Neighbours paint a picture of an introverted man who cared for his tigers, lions and panthers as though they were his friends. David Rawson, whose property touches Mr. Buwalda’s, said his neighbour kept exotic pets as a hobby. He cared for many large cats in the twelve years Mr. Rawson lived in the area, whose growls were audible at night from Mr. Rawson’s land. He usually kept between two or three at a time.

“I’ve seen a panther, a cougar and a tiger,” he said. “It’s a very nice property and very private. I think he would say that his friends were animals. I don’t think he felt he had a bond with humanity.”

Mr. Rawson said the cage in which Mr. Buwalda kept the tiger was of “zoo quality” and he had no safety concerns as long as the animals were kept in their pens. The two-storey cage, made of concrete, glass and steel bars, is as big as a house, he said. The rest of Mr. Buwalda’s land was not fenced in, although Const. Carlson said there was a fenced in area on the land where Mr. Buwalda kept deer or other roaming animals at one time.

“I had no serious concerns about my safety at anytime unless it would be released,” he said. “This was a totally unfenced property and should that tiger have gotten away after he mauled the boy, what would have stopped him from galloping into the woods?”

Mr. Buwalda’s 80-acre property contained two cages, as well as a large stone house standing at nearly 10,000 square feet on a landscaped lawn protected by a security gate. “It would be considered to be a significant residential estate in this area,” he said. Mr. Rawson said Mr. Buwalda was not married and had no children living at his home.

The tiger is still in its enclosure on the property. Const. Carlson said police believe Mr. Buwalda kept the animals there legally but an investigation is ongoing. “It’s somewhat different than a dog that bites somebody,” Const. Carlson said. “What would you do with the animal if somebody went into a cage at the zoo and got mauled? Would you put the tiger down? No.”

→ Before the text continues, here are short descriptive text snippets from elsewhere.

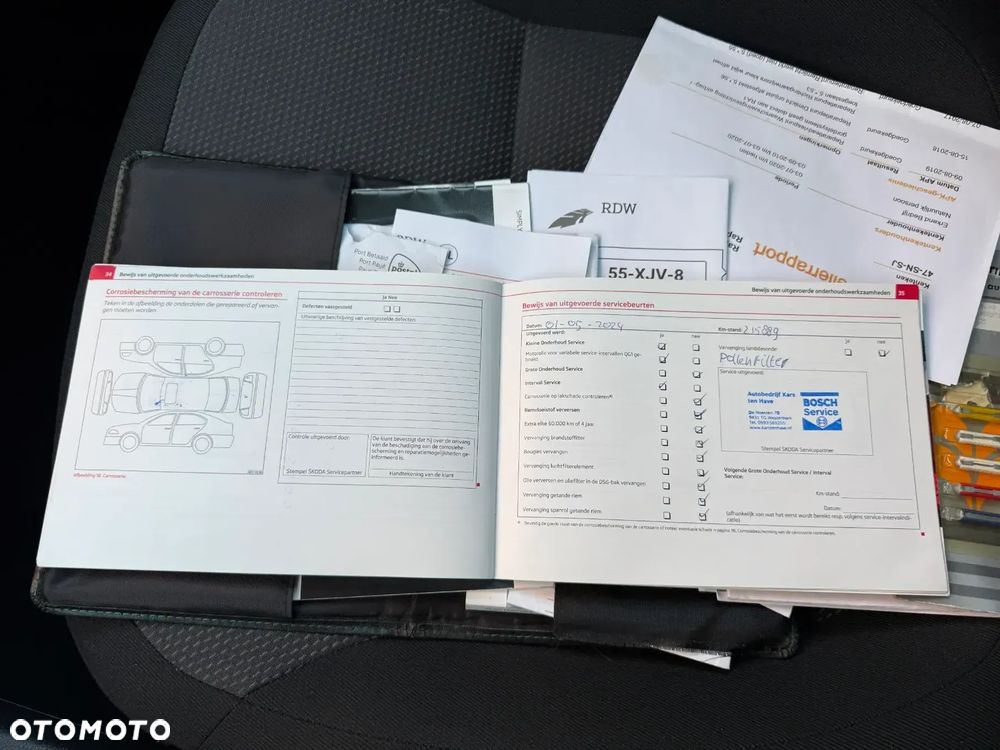 Skoda Yeti 1.2 TSI Elegance - 33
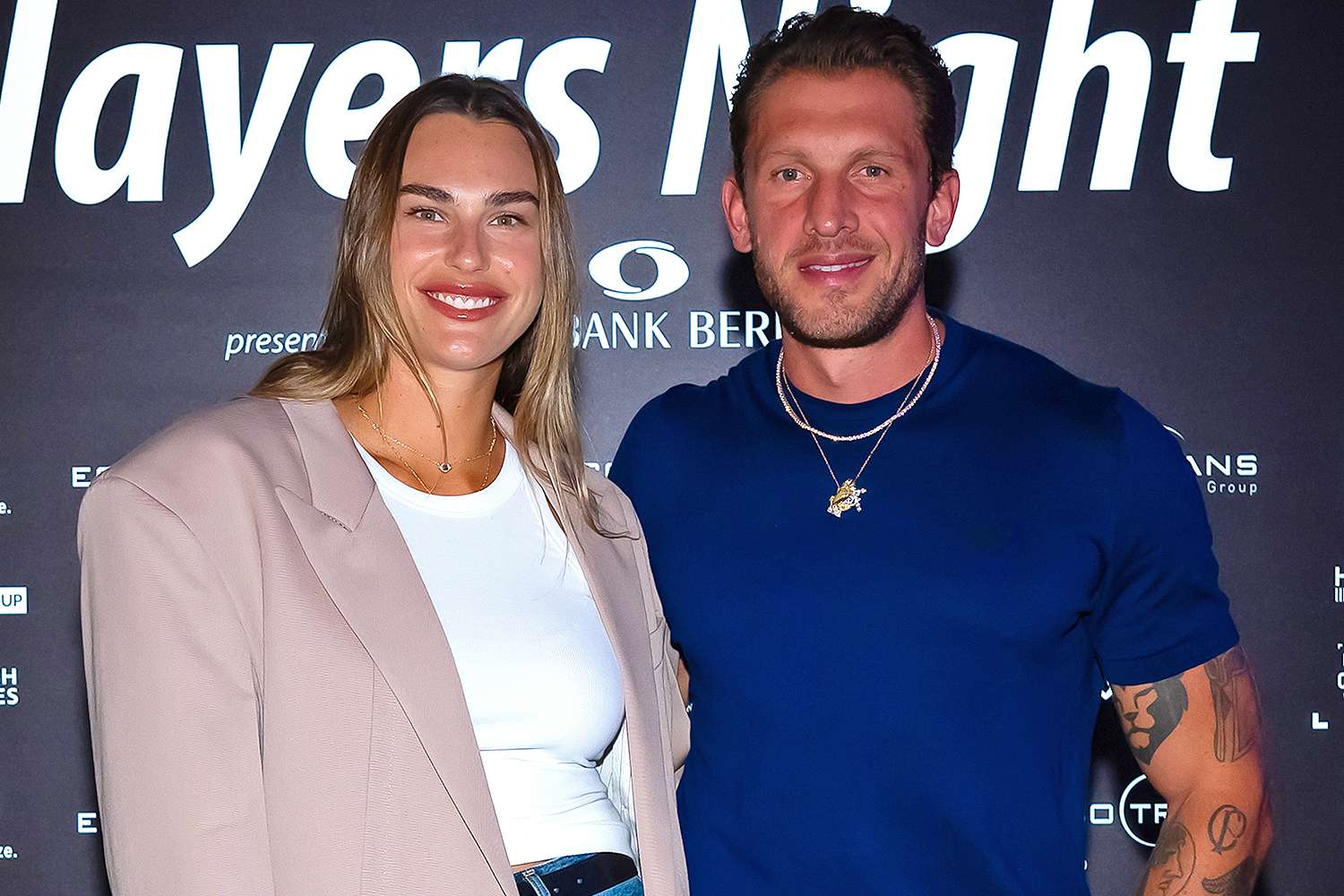 Who Is Aryna Sabalenka's Boyfriend? All About Georgios Frangulis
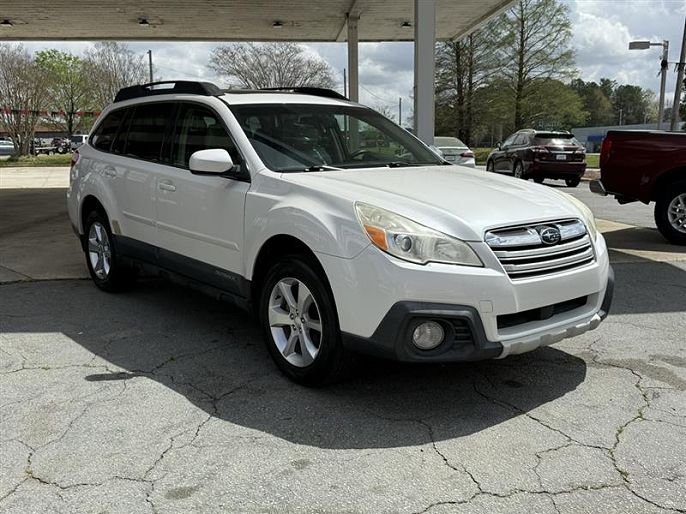 2014 Subaru Outback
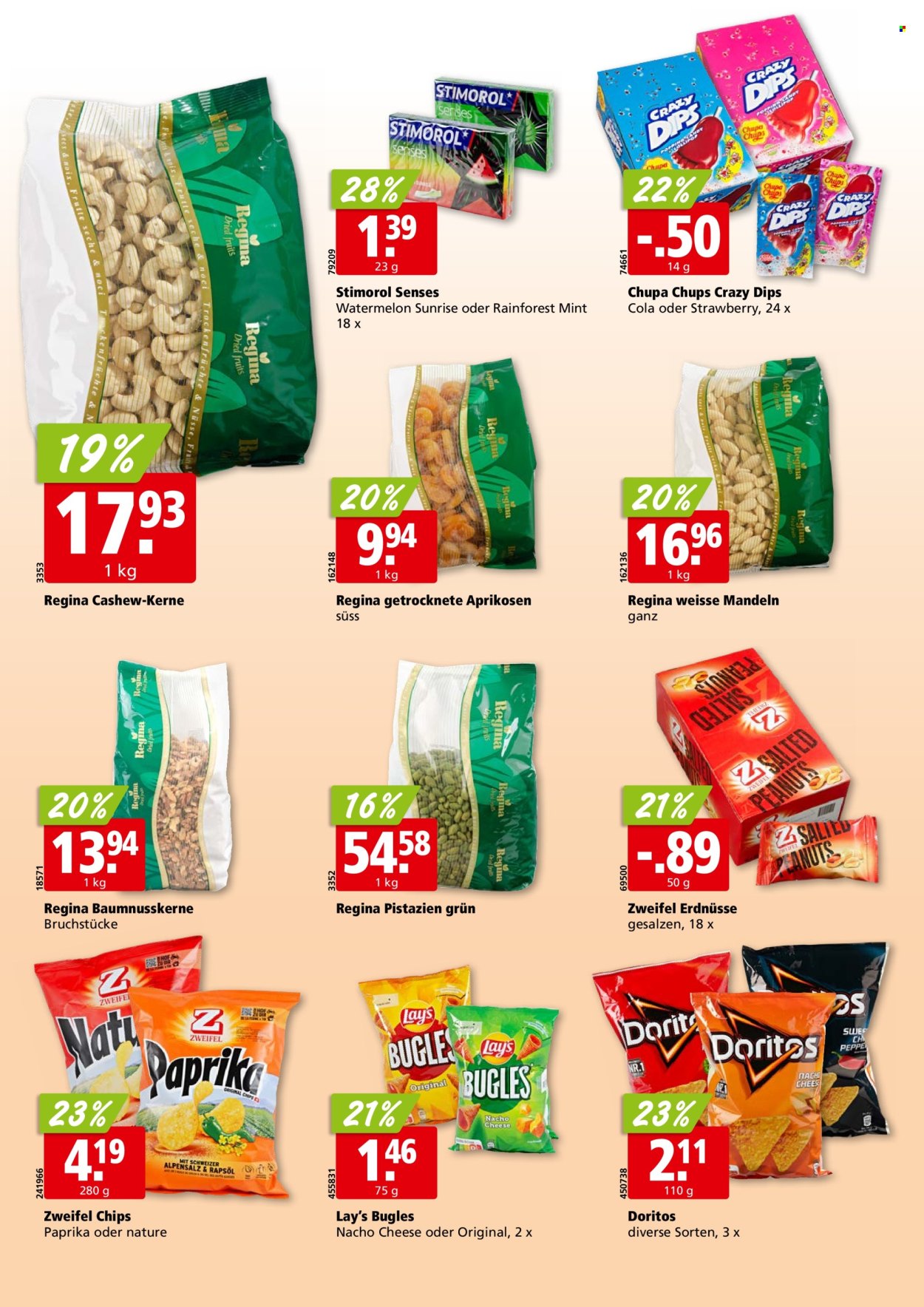 Catalogue ALIGRO - 5.5.2025 - 10.5.2025. Page 20.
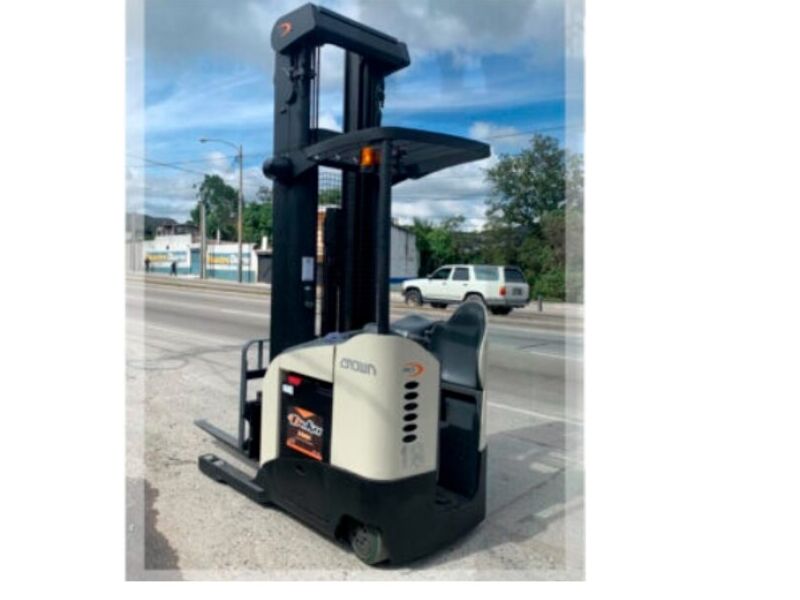 Montacarga eléctrico Cdd Guatemala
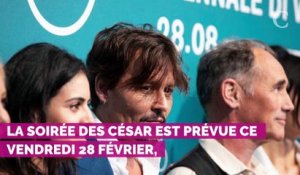 César 2020 : Jean Dujardin ironise sur l'affaire Polanski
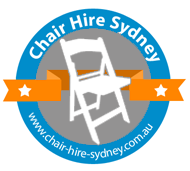 Chair Hire Sydney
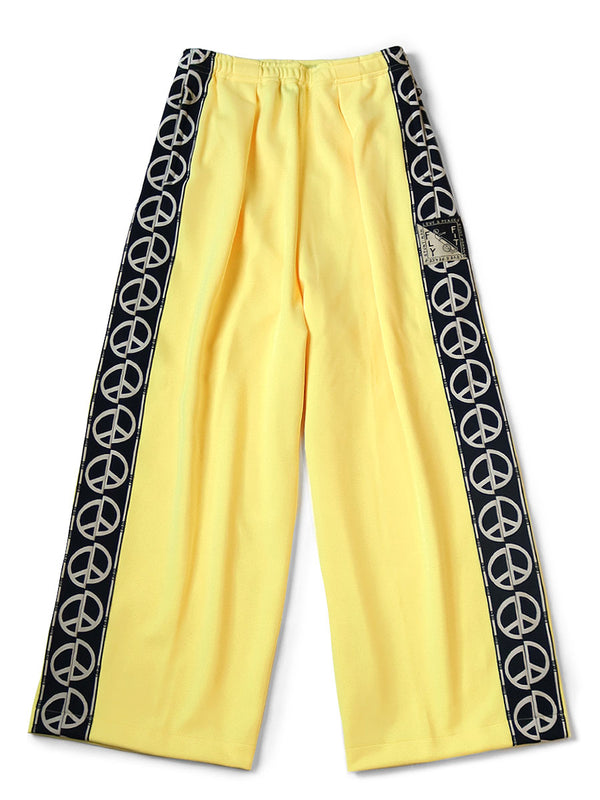 Kapital smooth jersey TH.DD baggy track pants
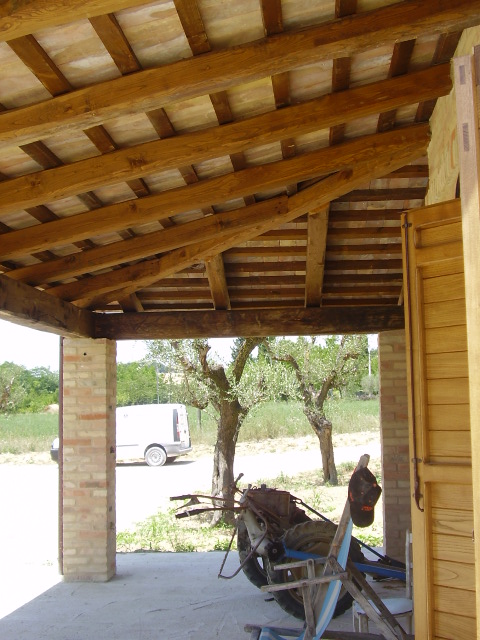 Gerenoveerd landhuis met ruime tuin in Monsampolo del Tronto - Foto 2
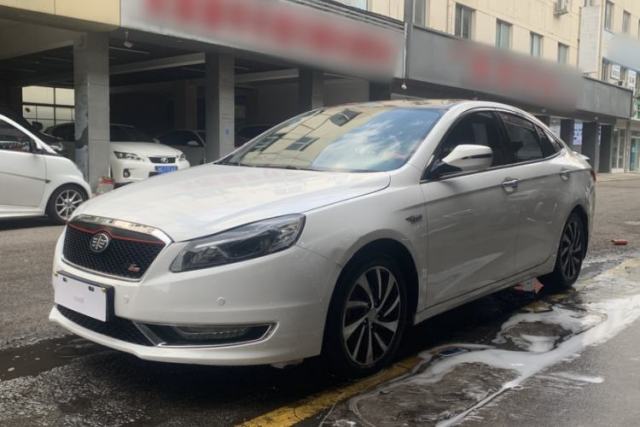 Used Bestune B70 2016 1.8T Automatic Sport Luxury Model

The tiger living on the property, which police believe, mauled a 10-year-old Toronto boy in June of 2004, igniting a heated discussion in Southwold Township on whether exotic animals should be banned from the area. The boy and his family were visiting Mr. Buwalda’s residence when Mr. Buwalda led the tiger out of the cage to allow the boy and his younger siblings to take photos of the animal. The tiger was on a leash but lunged forward, knocking its owner off balance. No charges were laid in the incident. Residents were furious when the town lost a court case that would have seen Mr. Buwalda’s exotic animals banned. Mr. Rawson said Mr. Buwalda had been injured by his own animals in the past.

Mr. Buwalda is listed as the contact person for a Canadian Exotic Animal Owners’ Association, and the address and phone number listed on that website is the same as the information listed on Can-Fab Strathroy, an industrial supply company.

Const. Carlson said Mr. Buwalda told him he had once provided animals to a zoo.

A post-mortem is scheduled for today, police said.